**** Data shown ****

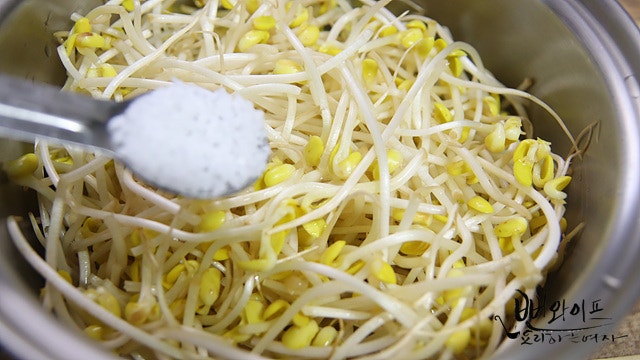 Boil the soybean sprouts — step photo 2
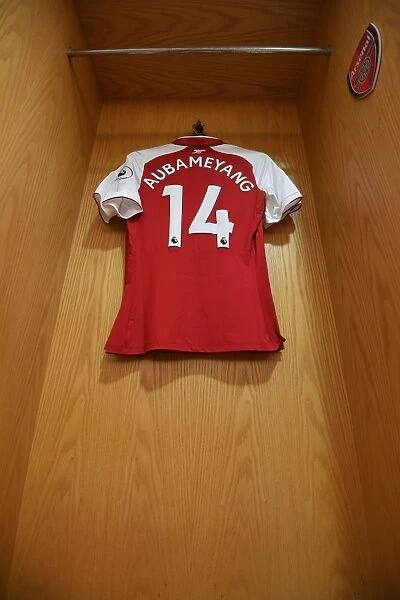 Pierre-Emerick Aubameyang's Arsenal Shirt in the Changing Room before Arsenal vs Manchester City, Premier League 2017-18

****
**** Data shown ****

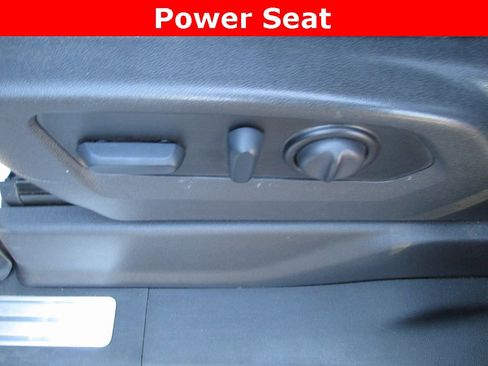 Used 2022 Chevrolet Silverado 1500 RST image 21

****

*Activity:*
All that is wanted is the lines above between the one containing "Boil the soybean sprouts — step photo 2" and the one containing "Pierre-Emerick Aubameyang's Arsenal", inclusive, restated word for word, with pictures omitted.

*Solved exercise:*
 Boil the soybean sprouts — step photo 2
 Pierre-Emerick Aubameyang's Arsenal Shirt in the Changing Room before Arsenal vs Manchester City, Premier League 2017-18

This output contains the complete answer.